Figure 5 Forest plot of odds ratios of mortality in the insulin therapy group. The mortality of insulin group and oral hypoglycemic drug group was significantly higher than that of oral hypoglycemic drug group.

After the analysis in all patients enrolled, we analyzed the HR of mortality in patients who were discharged from hospital safely. All-cause mortality and cardiac mortality within 2 years were still higher in insulin-treated patients than in the OHA group; however, the difference between the groups was not statistically significant. In the OHA group and the insulin-treated group, the incidence of all-cause death was 3.2% and 5.6% (HR 1.60, 95% CI: 0.563–4.546, P=0.378), respectively, and that of cardiac death was 1.3% and 2.7% (HR 2.782, 95% CI: 0.540–14.338, P=0.221), respectively.


Discussion

In a real-world study published recently, in the diabetes patients with CAD, PCI or CABG is associated with lower MACEs, especially the mortality rate, compared with medical treatment. Despite recent advances in medical management and coronary revascularization, cardiovascular disease still accounts for approximately 75% of all hospital admissions and 80% of deaths among patients with diabetes (5). Patients with DM undergoing PCI have a higher risk of experiencing major adverse cardiovascular events (MACEs) than non-diabetic patients (6). Elevated plasma glucose levels are well known to be associated with increased patient mortality. However, clinical trials of insulin for intensive glucose control have produced inconsistent results with respect to mortality, which was consistently attributed to suboptimal target glucose levels or the occurrence of hypoglycemia, as shown in the ACCORD (Action to Control Cardiovascular Risk in Diabetes) study (3).

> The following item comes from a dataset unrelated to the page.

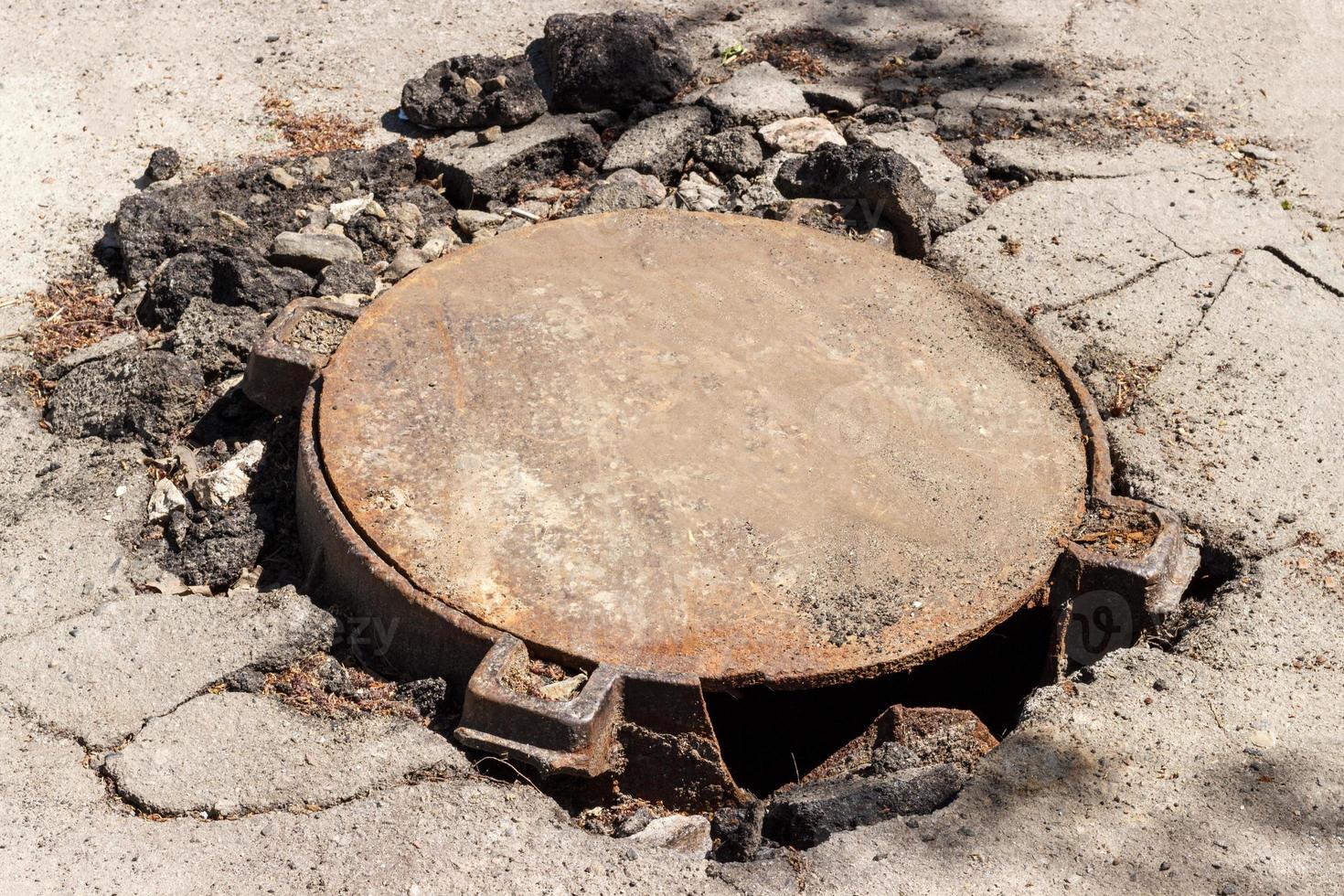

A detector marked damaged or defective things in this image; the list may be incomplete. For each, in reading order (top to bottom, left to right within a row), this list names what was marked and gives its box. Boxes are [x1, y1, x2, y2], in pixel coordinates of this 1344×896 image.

Recently, there has been a trend to scrutinize the effects of oral antidiabetic drugs (OADs) and insulin on diabetes-related complications including micro- and macro-vascular diseases as well as cancer (7). Recently, the safety of insulin in the treatment of type 2 DM (T2DM) has been subject to scrutiny. Among patients with T2DM, it has been reported that exogenous insulin therapy is associated with an increased risk of diabetes-related complications, cancer, and all-cause mortality. Taking metformin monotherapy as a reference, Currie et al. reported that the adjusted HRs of all-cause mortality, myocardial infarction, and MACEs for insulin therapy were 2.197, 1.954, and 1.736, respectively (8). Another recently published study conducted by Roumie et al. demonstrated that the addition of insulin was associated with an increased risk of nonfatal cardiovascular outcomes and all-cause mortality when compared to sulfonylurea among patients with diabetes who were receiving metformin (9). Also, the adjusted HR of all-cause mortality for insulin therapy was 1.44 (P=0.001; 33.7 and 22.7 per 1000 person-years) compared with OHA. A study of 56,536 patients with T2DM showed pioglitazone to be associated with significantly reduced all-cause mortality (HR 0.33) compared to insulin (10). Based on an average follow-up of 20 years, Kurl concluded that insulin resistance and insulin, but not fasting plasma glucose, are independent risk factors for death caused by coronary heart disease (11).

In an observational cohort study conducted by Younk and colleagues in more than 12,000 newly treated individuals with T2DM, the risk of all-cause mortality, cardiovascular mortality, and non-cardiovascular mortality increased in patients with insulin exposure (2). Another observational cohort study conducted by Gamble in 2010 also showed a graded risk of all-cause mortality, cardiovascular mortality, and non-cardiovascular mortality to be associated with increasing levels of insulin exposure, and the adjusted HR for high insulin exposure was 2.79 (P=0.005) (12).

Among patients undergoing PCI, Abizaid et al.’s 1998 study demonstrated that patients with insulin-treated DM had a higher risk of in-hospital mortality and a significantly lower cardiac event-free survival rate. In the same study, in-hospital mortality among insulin-treated patients were 2%, which was significantly higher than the rate among OHA-treated patients (4). A similar result was found in the BARI trial (13). In patients undergoing coronary artery bypass grafting, cardiac survival at 5 and 10 years was related to insulin treatment status but not to diabetes(14). Patients with insulin-treated DM had lower survival than both non-DM patients and patients with non-insulin-treated DM (P<0.0001); however, cardiac survival was comparable between non-diabetic and diabetic patients receiving insulin therapy.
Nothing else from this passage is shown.